Class 3 – Multiplicity
Also known as “Cloning” in this lesson we will cover how to capture a set of images of one person in different spots and edit them in Photoshop so it looks as if you’ve cloned them!
Assignment: Take a set of images, following the instructions, edit them per the video and submit 1 complete Multiplicity image.
I never wanted to learn Photoshop. I was drawn into it rather reluctantly. But as a Nature – Landscape – Night Sky Photographer editing and prepping my images for printing is now an integral part of what I do. In this series of classes we will first cover how to enhance your images using Camera Raw. This allows you to adjust the shadows and highlights, as well as many other options, and make your image look much closer to what your eye saw when you captured the image. There will be creative lessons about layers and for some lessons you will need to both capture images, and edit them.
Students must have a current subscription to Photoshop, newest version/subscription. AND HAVE SOME familiarity with Photoshop. Please don’t download Photoshop for the first time and expect to be able to follow along! The series of 5 classes can be purchased separately for $50 a class, or as a package for $200 for all 5 classes. You will also need to have a camera or cell phone to capture images with as well as a simple tripod.

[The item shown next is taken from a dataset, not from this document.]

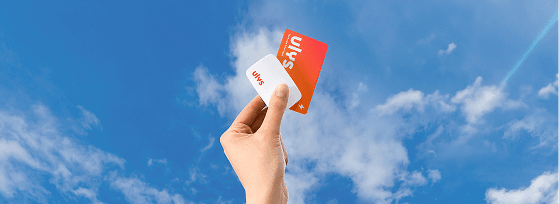 Main tenant une carte de service et un badge télépéage levés vers un ciel bleu avec des nuages.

Why should you edit your images at all?
The Human Eye sees more than any camera can record. When you capture images of high contrast scenes, like sunrises or sunsets, the camera cannot capture BOTH the brightest AND darkest parts of the scene. So, sunset images you capture with your camera are either too bright in the sky or too dark in the foreground. But this is NOT how it looked to your eye!
You can use Photoshop to make the brightest parts of the image darker, and the darker parts of the image brighter. This is what Ansel Adams did with his black and white negatives, he “edited” them by dodging and burning (darkening and brightening) parts of the image.
In the world of Photoshop, this is easy to do. Of course Photoshop can do more than brighten and darken parts of the image, you can enhance colors, erase unwanted items in the image, and make the image look like the scene you saw with your own eye.
Photoshop can be used to create composites of several images in layers. In the Multiplicity and Levitation lessons (Lessons 3 and 4) you will capture images and then use layers in Photoshop to blend your image.